(Note: the following piece was inspired by jumpin’ jivemeister Kevin Parrott‘s regular salute to top-notch jazz and blues tracks; it was written as part of my ongoing consideration of great releases from the Rhino reissue label.)
And now for something completely smutty. A collection of tracks from the late forties and early fifties, Risque Rhythm tracks an era when rhythm-and-blues – and its cousin rock ‘n’ roll – were yet to be reined in to meet the demands of youth-centric pop AM radio. Jukebox music, to be played in clubs where hard-drinkin’ daddies put the eye on babes in tight dresses, this music traffics in double-entendre lyrics and ultra-suggestive singing. In an era where even teenpoppers sing about standing naked in front of their lover, most (with a few notable exceptions) of it sounds pretty restrained today. But for those of us attracted to blues or early jazz for its sexual tones, it’s still a potent collection.
Some of this stuff has been remade (often less successfully) by later rock ‘n’ rollers: Bullmoose Jackson’s “Big Ten-Inch Record,” for instance, was covered by Aerosmith early its career (y’know, you just don’t hear groups tryin’ to wrest sexual innuendo out of CD size), while the Bees’ “Toy Bell” was a leering hit for Chuck Berry in the early 70’s as “My Dingaling.” A few of these cuts (the Dominoes’ “Sixty Minute Man” and the Royals’ “Work with Me Annie”) have become well-known established oldies, while many of the others’ll show up on modern blues discs whenever the artist wants to lighten up the tone. Over the past few years, for instance, I’ve heard remakes of Dinah Washington’s “Big Long Slidin’ Thing” (it’s about a trombone player – suurrre, it is!) and the jump classic “Walk Right In/Walk Right Out.” That last cut is a personal fave: like earlier jump blues songs that built a rockin’ band number over nursery rhyme lyrics – see Louis Jordan – this takes from fill-in-the-blank rhymes that for most of us were some of the first “dirty jokes” we’d ever heard.

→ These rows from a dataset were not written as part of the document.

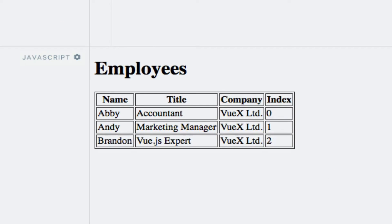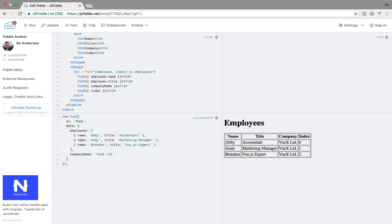Running the code, we should see 0, 1, and 2 being output within the table — and indeed we do. Later in the course, we'll take a look at using this loop index to add a background color to every second row of this table. But for now, just know that if you ever need to access the current index of the loop iteration, this is how you can do it.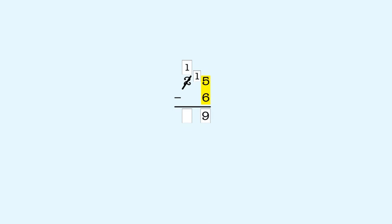15 minus 6 is 9. There's nothing to subtract in the 10s place. So we bring down the 1 for the one 10 we have left. That gives us 19. So 25 minus 6 is 19.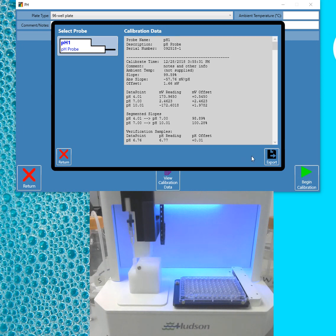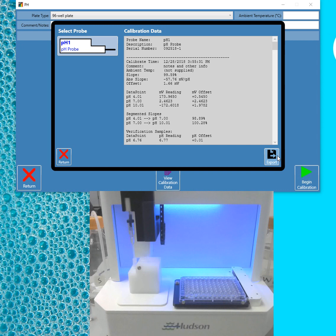You can also export this information. So if you're currently using a manual log, you may want to just export the log file.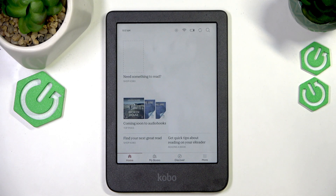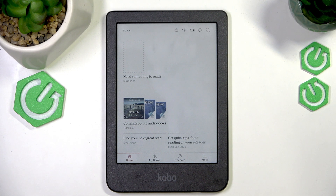Hello, everyone. Welcome to the Harrisi channel and today I'm going to show you how to access the web browser on the Kobo Clara Color eReader.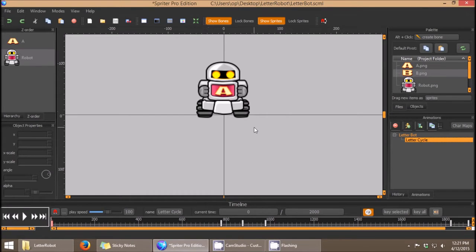Hi, this is Mike at BrashMonkey, and this quick tip tutorial is going to cover how to set variables, which is one of several gameplay-related types of data you can edit right within Spriter and synchronize with specifically what's happening in any particular animation.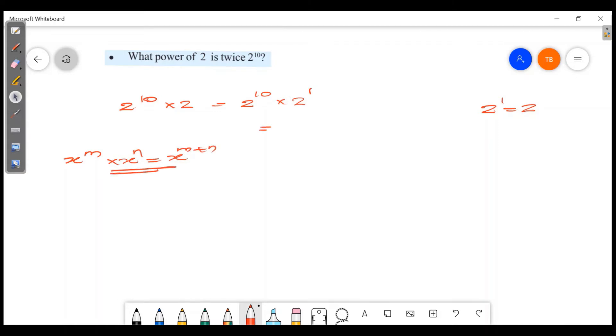Here x is equal to 2, and m is equal to 1. So the result is 2 raised to 11.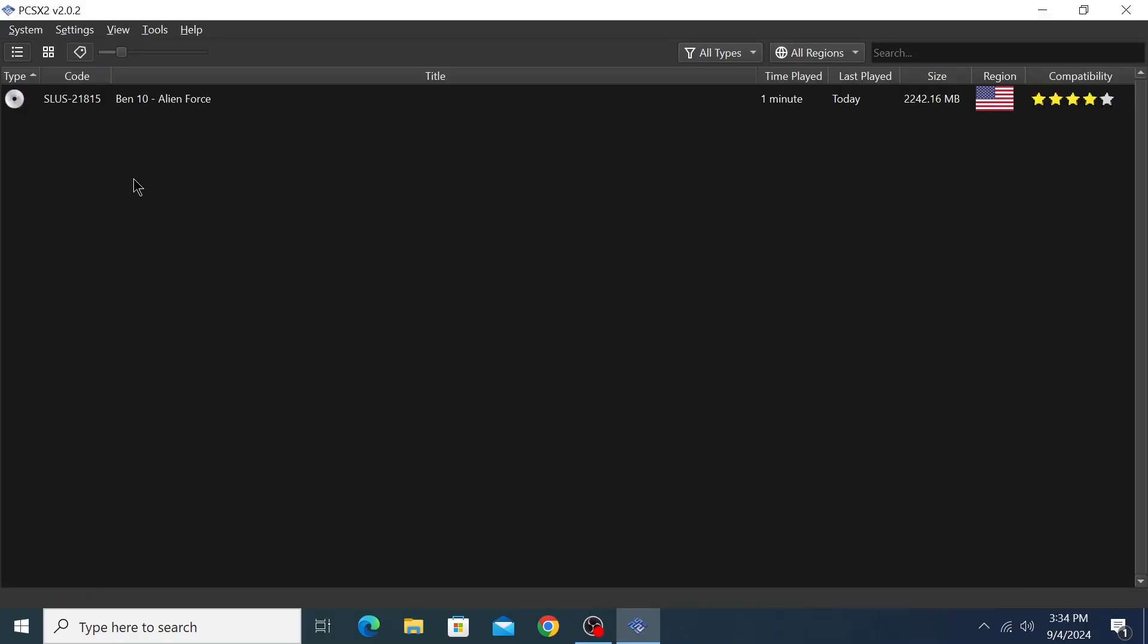So this is how you can play PlayStation 2 games on PC. If this video was helpful, hit the like button. If you have any problems, comment down below. I'll catch you in my next video. Bye bye!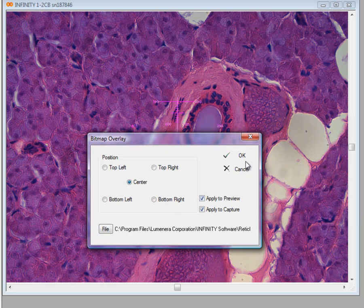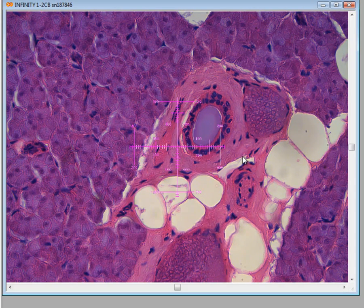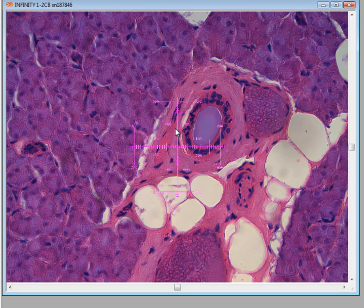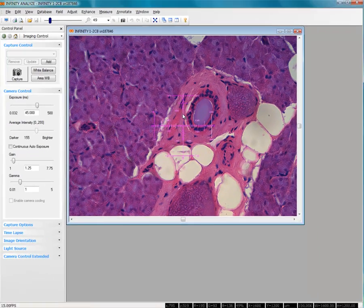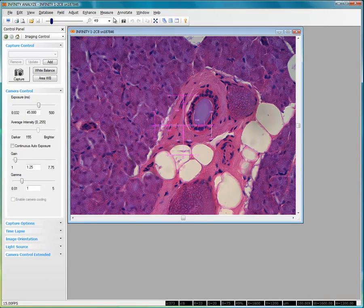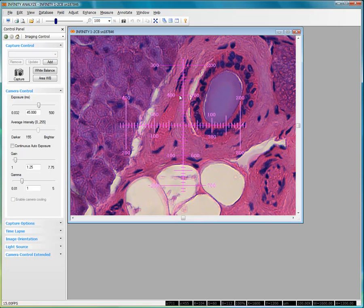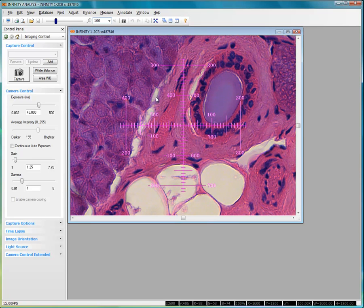Here a cropping from one of the Luminera supplied reticles has been displayed in the center of the image. And changing my zoom preview to 100%, you can see that all the detail from that bitmap overlay is displayed on my image.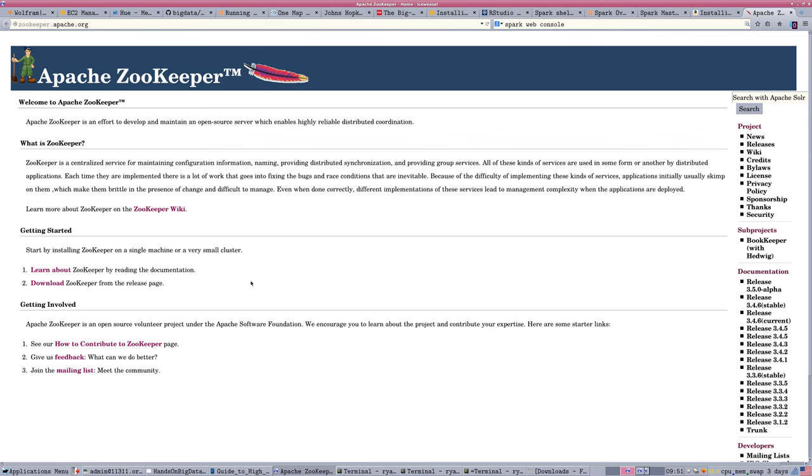When you're running a large cluster, the administrative burdens become quite high. You don't want to be individually logging in on the command line to a hundred different machines and running updates and configuration commands. So a lot of these tools that are developed for Hadoop are to help you with those things.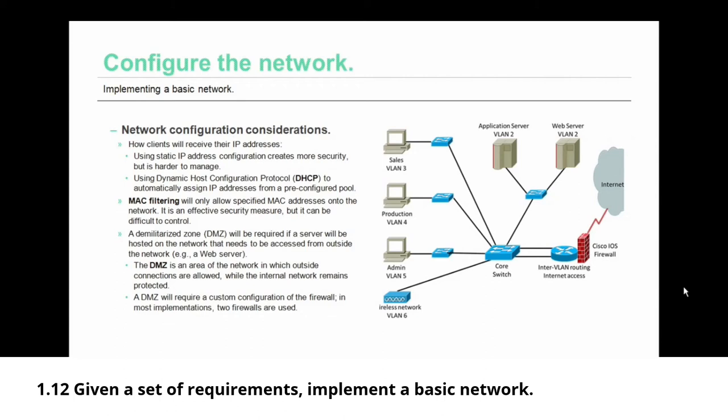Something else to consider is that if a server will be hosted on the network that needs to be accessed from outside of that network, as in you're hosting a web server, then you're going to need a demilitarized zone, a DMZ. The DMZ is an area of the network in which outside connections are allowed while the internal network remains protected from that outside traffic. A DMZ will require a custom configuration of the firewall.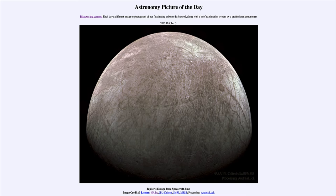What do we see here? This is one of the four large moons of Jupiter, known as Europa. Those four large moons were first seen by Galileo back in the early 1600s when he looked through his telescope at the sky — a very new instrument at the time that allowed him to see fainter things that had never been seen before.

And then there are some true oddities: Roy Brown’s “Butcher Pete,” which has to be the first song to lyrically meld cannibalism and cunnilingus (a two-part single, this collection only contains the first side of the story: for optimal impact, check out Rhino’s Roy Brown anthology Good Rockin’ Tonight, which contains all the highlights of this seminal New Orleans belter’s career); Eddie Davis’ “Mountain Oysters,” which is exactly about what you think it’s about and “Laundromat Blues,” which shows that you can pull a good innuendo out of even the most mundane setting. Listening to Wynonie Harris tell his lover to “keep on churnin’ ’til the butter comes,” you can’t help grinning at the way singer and band make this fairly crass metaphor (“Look out, heifer! Here comes your bull!”) so happily rollicking.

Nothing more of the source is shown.